Cela fait deux mois bien sonnés que le théâtre Graslin est occupé par les acteurs culturels, bien décidés à faire entendre leurs revendications. A la suite du théâtre de l’Odéon de Paris dont l’occupation a commencé le 4 mars, jusqu’à 150 lieux de spectacles ont été embarqués dans un impressionnant mouvement de contestation, lieux parfois expulsés mais suivis d’ouvertures nouvelles, allant jusqu’à essaimer hors des frontières – Bruxelles, Milan, Naples, Rome, Athènes.

Le 10 mars, Nantes marquait son entrée dans le mouvement en occupant Graslin, puis, dans le département, Saint-Nazaire, Couëron, Ancenis, Clisson...
Très vite, autour de l’opéra Graslin s’ est retrouvé l’ensemble des acteurs du monde culturel, intermitentes et intermitents, techniciennes et techniciens, artistes... soutenus par le personnel du lieu, et par les élus de la Ville, notamment Aymeric Seasseau, adjoint communiste à la culture.

Depuis deux mois, tout en permettant que se déroulent normalement des répétitions et des captations de spectacles, le théâtre Graslin et la place ont été le lieu de convergences de toutes les mobilisations. Le personnel du CHU a même mis en place un « bureau de recrutement » sur la place pour alerter sur les sous-effectifs et le manque de moyens du secteur de la santé. La CGT spectacle, très présente, donne le ton. Seul bémol, le collectif occupant les lieux n’a pas eu la possibilité d’adresser de communiqué lors des captations. 
Sur place ont lieu des assemblées générales parfois animées, des réunions thématiques et, tous les jours à 13 heures, devant les marches, une agora où se relaient les prises de parole, des lectures, des performances...  Parfois, le bouillonnement de la place déborde, et la chorale des intermittents va annoncer le couvre-feu ou animer les manifestations politiques et syndicales : premier mai, postiers, électriciens... 
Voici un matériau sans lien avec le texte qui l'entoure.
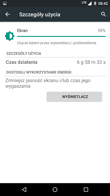 Zużycie baterii: włączony ekran, przeciętny czas pracy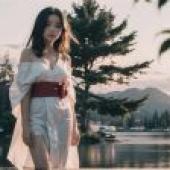 Computer desktop， live version， kimono beauty， waterfront beauty: white Hanfu girl and ancient Chinese clothing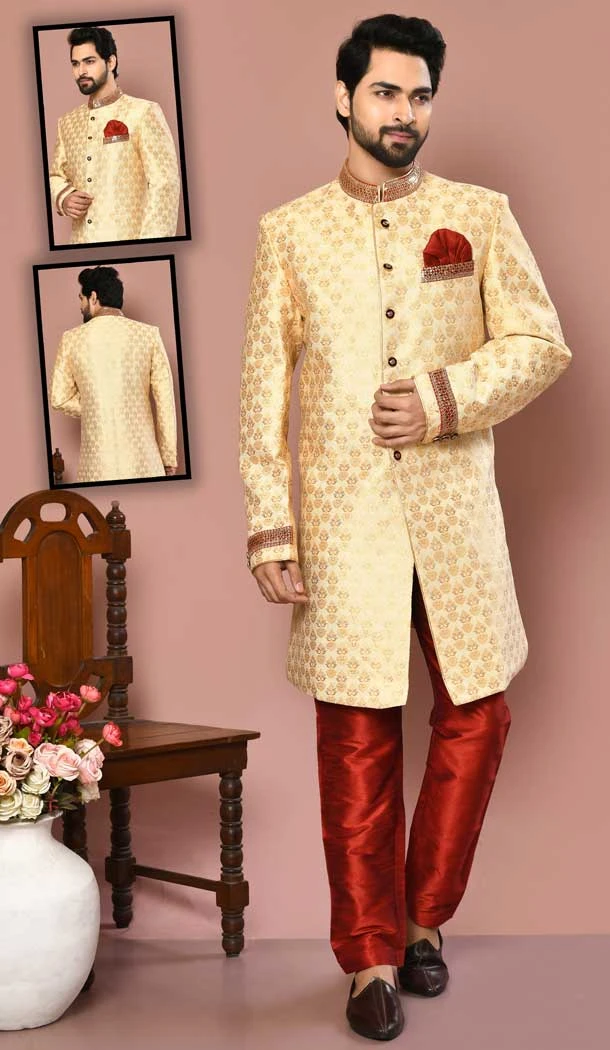 Cream Color Banarasi Silk Sequins And Zari Work Wedding Wear Designer Men's Sherwani -6018166382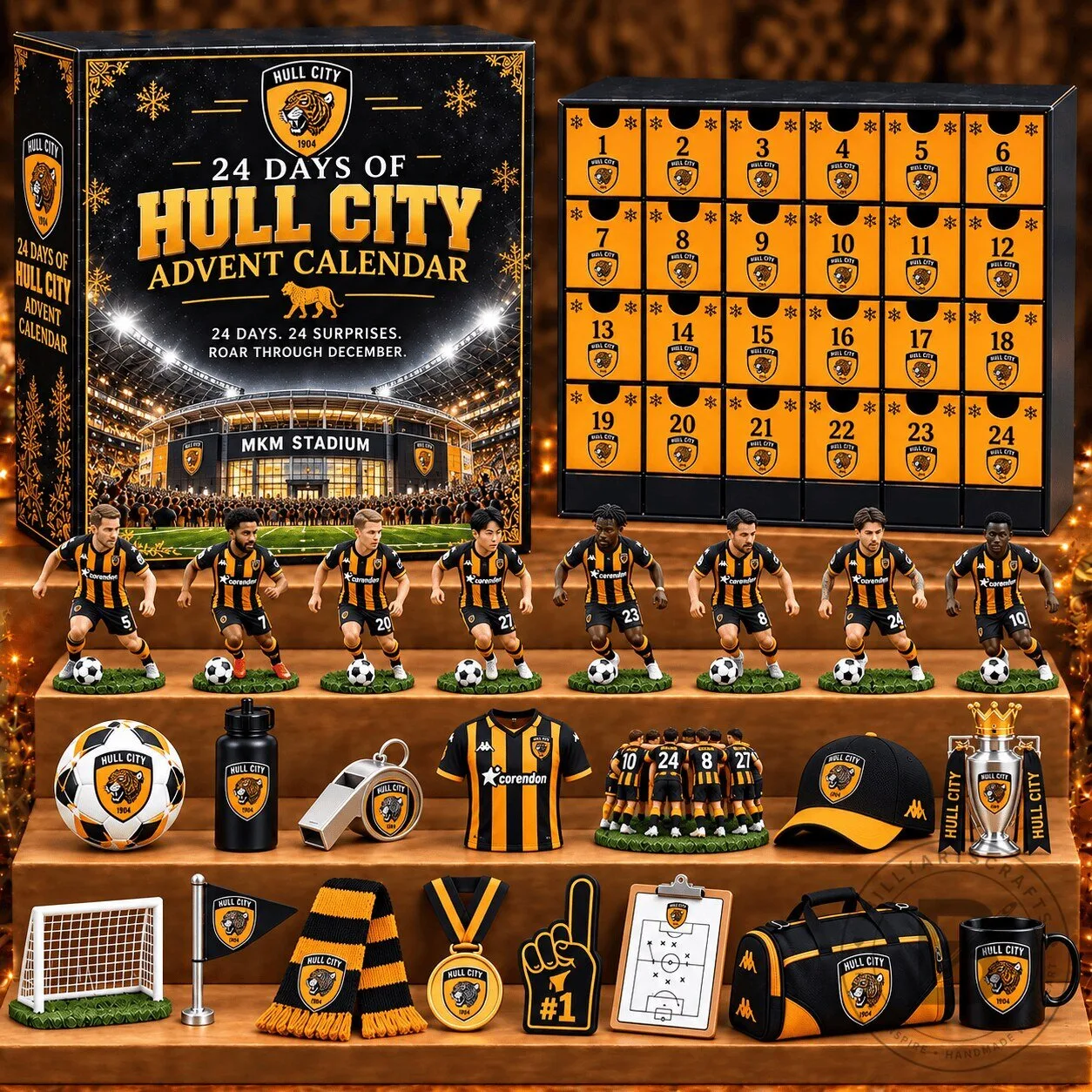 Hull City Football Club 24-Day Advent Calendar with Soccer Team Miniatures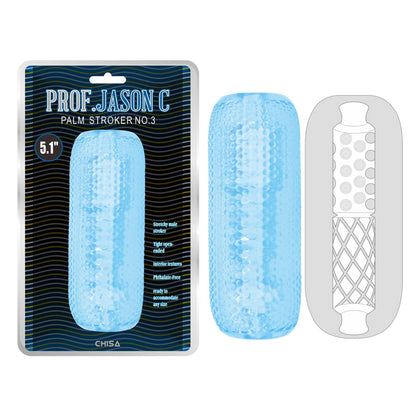 Masturbator dłoniowy z wypustkami Prof.Jason C No.3 niebieski 12,5 cm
L’heure est maintenant aux annonces de réouverture. Des séances de travail avec les directrices et directeurs des lieux culturels permettent aux occupants de mettre sur la table les revendications qui se font jour (voir encadré). Il paraît évident qu’une reprise « sèche » est difficilement envisageable et qu’il va falloir tenir compte de l’état de fragilisation avancée d’un secteur mis à l’arrêt depuis plus d’une année. Celui-ci ne pourra redémarer que peu à peu, avec des jauges réduites, pour des grandes salles seulement, des festivals annulés... Pour réouvrir sereinement, il semble indispensable de mettre en place un plan conséquent de reprise de l’emploi concernant l’ensemble du secteur et intégrant un report des droits sur plusieurs mois encore. Outre la dimension économique – quid des heures non travaillées par les intermittents ? -, il y a une véritable volonté de proposer au public des spectacles porteurs de messages de sensibilisation aux problèmes du secteur. Afin que la reprise ne se fasse pas sur un mode dégradé, le collectif en appelle aux pouvoirs publics et souhaite de leur part un engagement clair.
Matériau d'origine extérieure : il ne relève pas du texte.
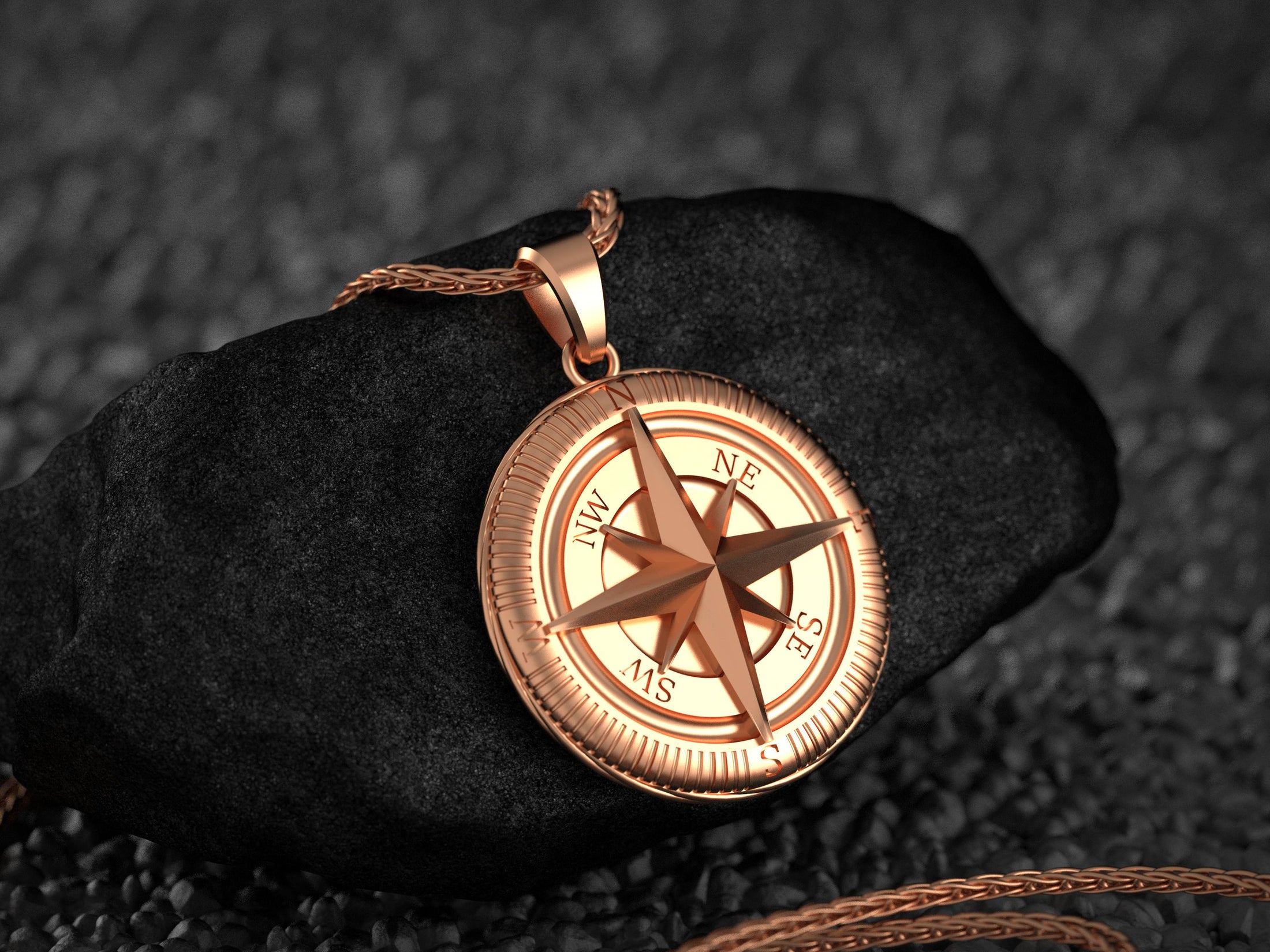 Rose gold plated engraved compass pendant sterling silver necklace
Samedi 22 mai, le collectif d’occupation invite chacune et chacun à venir avec son casse-croûte partager un « banquet de la colère ».
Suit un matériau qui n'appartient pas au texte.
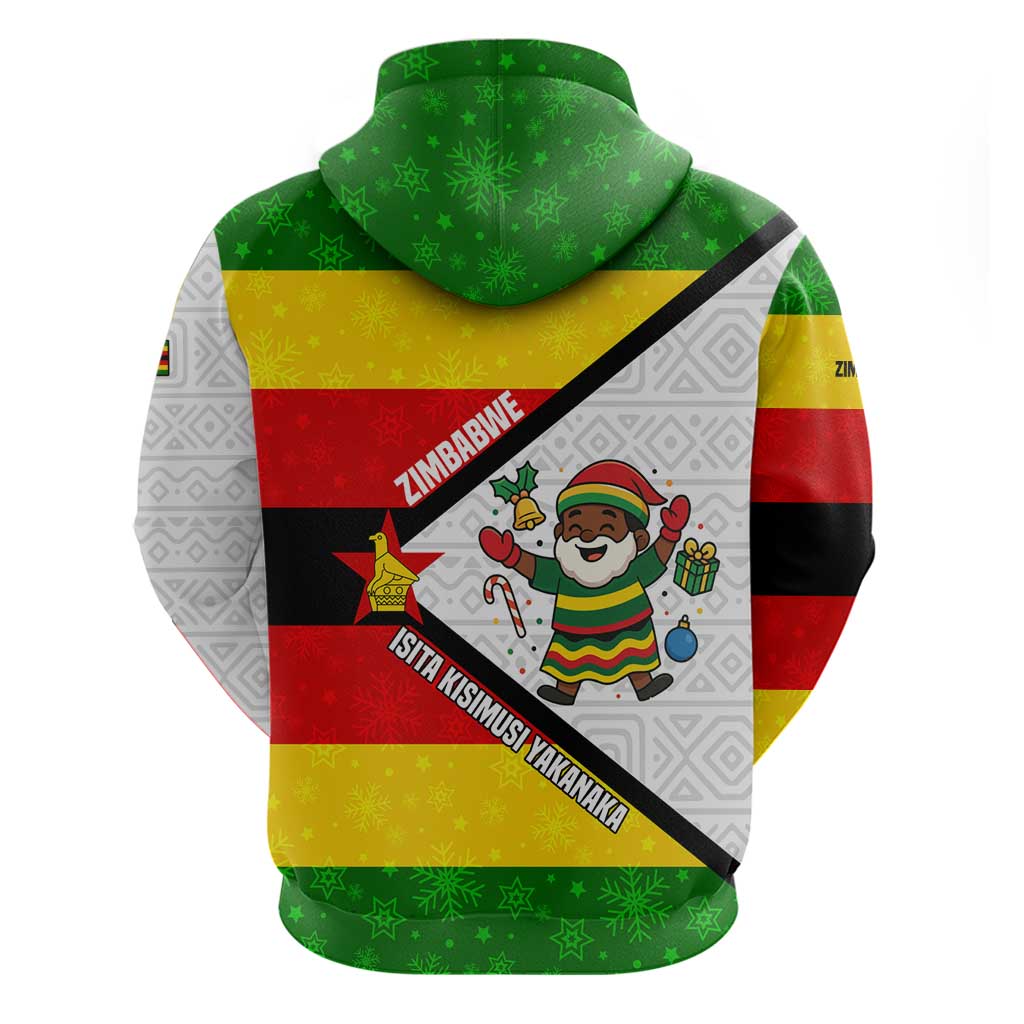 Zimbabwe Christmas Hoodie with Festive Santa Palm Tree and Red Yellow Green Flag TS04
Réouverture des lieux culturels : pour une reprise solidaire
(extrait du communiqué des directrices et directeurs des lieux occupés)

Nous demandons à l’État de prendre au plus vite des mesures budgétaires adaptées au contexte de crise inédit que nous traversons, comme il l’a fait pour d’autres secteurs

La prolongation de l’année blanche pour les intermittent·e·s du spectacle et du cinéma jusqu’au 31 août 2022 ;
Un soutien à toutes les structures en difficulté, qu’elles soient publiques ou privées (théâtres, salles de spectacles ou de concerts, mais aussi discothèques, cafés-culture, tiers-lieux, lieux d’accompagnement et de professionnalisation, musées et galeries, festivals etc.), et quels que soient leur taille et leur territoire, afin de lever les obstacles à la diffusion des spectacles dans les 24 mois qui viennent ;
Un plan de relance pour l’emploi culturel qui permette de rémunérer au juste prix les répétitions, résidences, temps de recherche, entraînements, etc. des équipes artistiques ;
Des dispositifs d’accompagnement spécifique pour les auteur·rice·s etcompositeur·rice·s, ainsi que pour les jeunes professionnel·le·s, notamment les primo-entrant·e·s dans le régime de l’intermittence ;
Un soutien urgent aux organismes sociaux du secteur culturel : CMB, AFDAS et Audiens ;

Le retrait de tout projet de réforme de l’assurance chômage dans un contexte où les plus fragilisé·e·s de nos concitoyen·ne·s sont déjà les grandes victimes de la crise sanitaire et économique que nous traversons.